Make lrate rule more symmetric

2025-12-11 06:55:27 +00:00 · 2022-04-10 13:25:40 +08:00 · 2022-04-10 13:25:40 +08:00 · da50525ca5
commit da50525ca5
parent 4d41ee0caa
1 changed files with 8 additions and 9 deletions
--- a/egs/librispeech/ASR/pruned_transducer_stateless2/train.py
+++ b/egs/librispeech/ASR/pruned_transducer_stateless2/train.py
@ -148,22 +148,22 @@ def get_parser():
        "--initial-lr",
        type=float,
        default=0.003,
-        help="The initial learning rate",
+        help="The initial learning rate.  This value should not need to be changed.",
    )
    parser.add_argument(
-        "--lr-begin-steps",
+        "--lr-steps",
        type=float,
        default=5000,
-        help="Number of steps that affects how rapidly the learning rate initially decreases"
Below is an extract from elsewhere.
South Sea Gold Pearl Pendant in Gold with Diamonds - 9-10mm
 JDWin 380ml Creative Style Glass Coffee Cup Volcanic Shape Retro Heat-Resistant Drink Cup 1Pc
+        help="""Number of steps that affects how rapidly the learning rate decreases.
        We suggest not to change this."""
    )
    parser.add_argument(
        "--lr-epochs",
        type=float,
-        default=-1,
+        default=6,
-        help="""Number of epochs for purposes of the learning-rate schedule;
+        help="""Number of epochs that affects how rapidly the learning rate decreases.
        if -1, will be set the same as --num-epochs
        """
    )
@ -788,11 +788,10 @@ def run(rank, world_size, args):
    # in `for epoch in range(params.start_epoch, params.num_epochs):`.  Set it to 0
    # here to avoid crash in constructor.
    epoch = 0
    lr_epochs = params.lr_epochs if params.lr_epochs > 0 else params.num_epochs
    scheduler = torch.optim.lr_scheduler.LambdaLR(
        optimizer,
-        lambda step: (((step**2 + params.lr_begin_steps**2) / params.lr_begin_steps**2) ** -0.25 *
+        lambda step: (((step**2 + params.lr_steps**2) / params.lr_steps**2) ** -0.25 *
-                      ((epoch + lr_epochs) / lr_epochs) ** -0.5))
+                      (((epoch**2 + params.lr_epochs**2) / params.lr_epochs**2) ** -0.25))
    if checkpoints and "optimizer" in checkpoints: